Without doubt the biggest safety advancement in Formula One over its 68-year history is the introduction of the monocoque.
The monocoque combines the driver’s survival cell, cockpit and forms an integral part of the chassis, with the engine and suspension among the compartments bolted to it.
Despite it not being common-place until the 1980s, the first example of this device appeared in the 1960s/ An aluminum alloy monocoque chassis was first used in the 1962 Lotus 25 Formula 1 entry, while McLaren was the first to use carbon-fibre-reinforced polymers to construct the monocoque of the 1981 McLaren MP4/1, this being the device and construction the world of motorsport is used to.

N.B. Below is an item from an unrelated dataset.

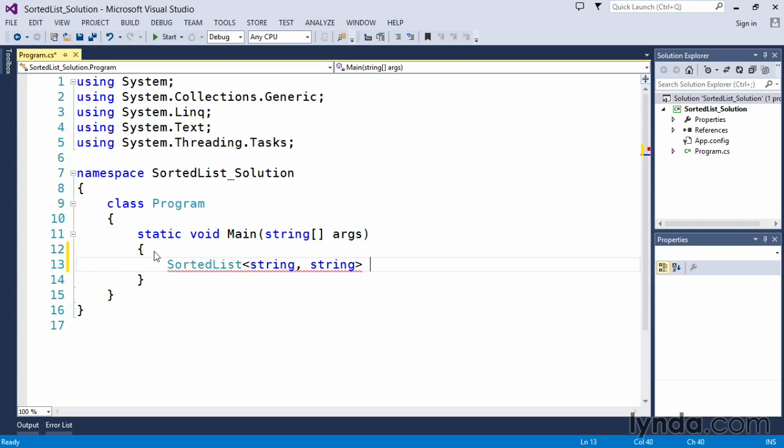Now, like any other type, I want to give this a name. So I'm creating a sorted list object type. I'll just give it a name called mySortedList.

For safety reasons, no fuel, oil or water lines may pass through the cockpit and the driver must be able to get out within five seconds without having to remove anything except seatbelts and steering wheel (which he must be able to refit within another five seconds). F1 seat belts comprise a six-point harness, which the driver can undo in one movement. They have been compulsory since 1972.
The monocoque must be mainly constructed of carbon fibre, with up to 60 layers of it in places to absorb the energy of heavy impact accidents largely due to the high-speed nature of accidents in modern day Formula One. There is also a roll-over hoop behind the driver’s head, made of metal or composite materials while the survival cell’s flanks are protected by a 6mm layer of carbon and Zylon, a material used to make bullet-proof vests. The updates to this in recent years include the HALO device, designed to prevent foreign objects entering the cockpit and striking the drivers head.
The width of the cockpit must be 50 centimetres at the steering wheel and 30 centimetres at the pedals, the modern day monocoque often compared to driving in a bath tub as a result.
The driver’s seat is a single plastic cast and is tailored to each driver according to their exact shape and size to provide maximum protection. Since 1999, the seat has been detachable for it to be possible to remove the driver and seat as one after an accident, decreasing the chances of spinal injuries.
The system is now synonymous with the open-wheel racing community and has saved the lives of many a driver, famously Robert Kubica at the 2007 Canadian Grand Prix and Mark Webber at the 2010 European Grand Prix.
The monocoque started out life in Formula One as an aerodynamic device designed to increase efficiency, making the car narrower. The development of this system has led to Formula One and the wider racing community now being as safe as it ever has been, and the motorsport community continues to strive for improvements.